Striking workers reject government offer for talks

SEOUL, South Korea (AP) — Hurling eggs at a government building and shouting slogans outside a cathedral during Mass, thousands of striking workers persisted in protests Sunday against a new labor law.
The 18-day-old protests, the country’s largest ever, started after the government pushed through the law during a short, secret, pre-dawn parliamentary session attended only by governing party legislators.
The law makes it easier for companies to fire employees and threatens South Korea’s time-honored tradition of workers holding jobs for life. But what began as a labor protest has become increasingly political, with even workers unaffected by the law demanding the ouster of President Kim Young-sam’s government.

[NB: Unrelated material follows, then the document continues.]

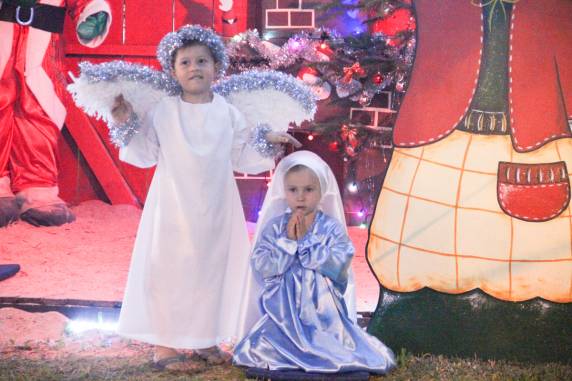 Casa do Papai Noel recebe abertura do Natal em TM - foto 4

The government offered to hold talks with outlawed labor groups and indicated Sunday it may be willing to revise the law. Labor leaders rejected the offer and warned that unless Kim repeals the law by Tuesday, even more workers — including some from the public sector — would join the strike.
Already, the strike has forced South Korea’s largest car maker, Hyundai Motor Co., to shut its plant, saying it cannot afford to stay open after losing $465 million in production. Hyundai workers said they will ignore the company’s shutdown and gather at the plant Monday.
Journalists, shipyard workers, nurses, credit card company employees, and assembly line workers are already striking. The wider strike Tuesday would include subways, phone companies and the national mint.
The government-sanctioned Federation of Korean Trade Unions has called for a strike by taxi drivers and bank, hotel and city rail workers beginning Tuesday afternoon.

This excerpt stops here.